Nature of project: experimental, software
Available to students on full-time physics degree schemes only.
Optical instruments manipulate light with reflection or refraction at optical surfaces which can have a variety of shapes including flat, spherical and aspheric. In order to achieve a satisfactory performance, these optical surfaces must be accurate to at least a quarter of the wavelength of the light being manipulated. This means that for optics intended for visible light, the optical surfaces must be accurate to around 100nm or better. This level of accuracy cannot readily be achieved with mechanical measurements and so a variety of optical tests have been devised to measure the shape and accuracy of optical surfaces.

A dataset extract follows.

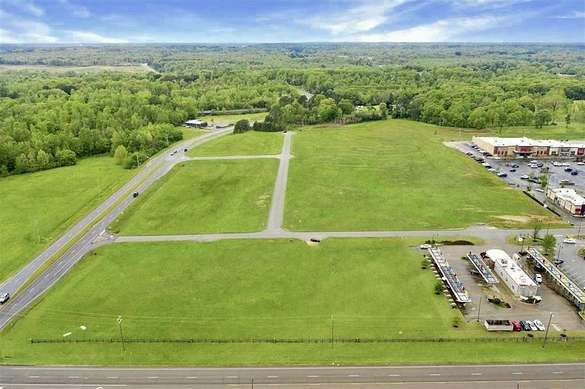 7 Acres of Mixed-Use Land for Sale in Jackson, Tennessee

The first reliable optical test was the knife edge test devised by Leon Foucault in 1858 which allowed him to produce better telescopes than those before him. Numerous more sophisticated optical testing techniques have been devised since Foucault’s time including the Ronchi test and interferometric measurements. Laser interferometers are now routinely used for commercial optical testing as they are quick and very accurate but commercial instruments are complex and expensive.
Very high levels of accuracy can be achieved in optical testing with relatively simple apparatus – amateur telescope makers still use the Foucault knife edge test, the Ronchi test and even simple laser interferometers to characterise the figure of their home-made optics. In this project you will investigate one or more of these methods of assessing the accuracy of optical surfaces. The project could involve a combination of experimental work and computer based simulation. Experimental work could include building an optical testing setup and using it to characterise the surface shape and accuracy of an optical component. Computer simulations can be used to predict and analyse experimental results or can be used on their own to determine the sensitivity limits o different techniques or devise the optimal setup for future experiments.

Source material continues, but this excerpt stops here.